With 80% of Japan's surface covered by mountains, the country is a dream for hikers and lovers of the great outdoors. The wilds of Hokkaido, quietly impressive Tohoku, and the vertiginous Japan Alps reward exploration with spectacular scenery and experiences of traditional Japanese culture that have long-since been lost from urban areas.
Nagano Prefecture, host of the 1998 Winter Olympics, is home to the backbone of the Japan Alps. Visit Zenko-ji temple in Nagano City before heading to the hot springs of Yudanaka Onsen or Kusatsu. In summer, try some day trekking in Hakuba.
A one-hour train ride from Nagano, Matsumoto is home to the “Black Crow,” Matsumoto Castle, as well as the fabulous Ukiyo-e Museum. Spend a day wandering the cafés and craft shops of this samurai town.
A bus ride over the mountains from Matsumoto brings you to Takayama, with an optional stop in summer at the alpine retreat of Kamikochi. You’ll find traditional inns, ancient temples, mouthwatering Hida beef, a preserved historical district, and the gassho-zukuri thatched roof farmhouses in the memorable Hida-no-Sato folk museum.
Between Takayama and Kanazawa lie the well-preserved farmhouses of Shirakawago, many of which are open to visitors for day visits or overnight stays. Continue on to the modern city of Kanazawa to visit serene Kenrokuen gardens and wander through the Nagamachi samurai district.
This mountain, the most accessible of the Dewa-san range, a trio of sacred mountains in Tohoku, is worth the trip not only for the lovely but rigorous climb (or bus trip) past cedars, waterfalls, and shrines but also for the thatched shrine at the top.

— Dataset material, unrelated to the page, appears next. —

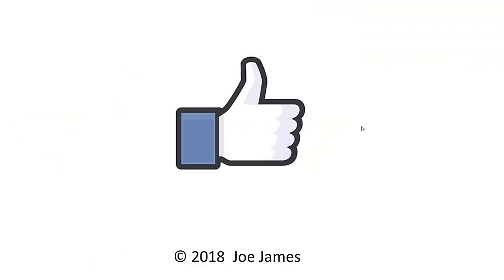I hope this video was helpful for you. If so, please give me the thumbs up and subscribe to my channel. I'm Joe James. Thanks for watching.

A day’s ride on the Shinkansen, an overnight ferry from Niigata, or a quick flight on low-cost carrier AirDo gets you to Sapporo, a pleasant and accessible city that serves as a good base for exploring the dramatic landscape of Hokkaido. Mountains encircle Sapporo, drawing Japanese and increasing numbers of Australian skiers in winter. Take day trips out to Toya-ko or Shikotsu-ko, picturesque lakes where you can boat or fish, and the excellent Nibutani Ainu Culture Museum for an insight into the island’s original inhabitants.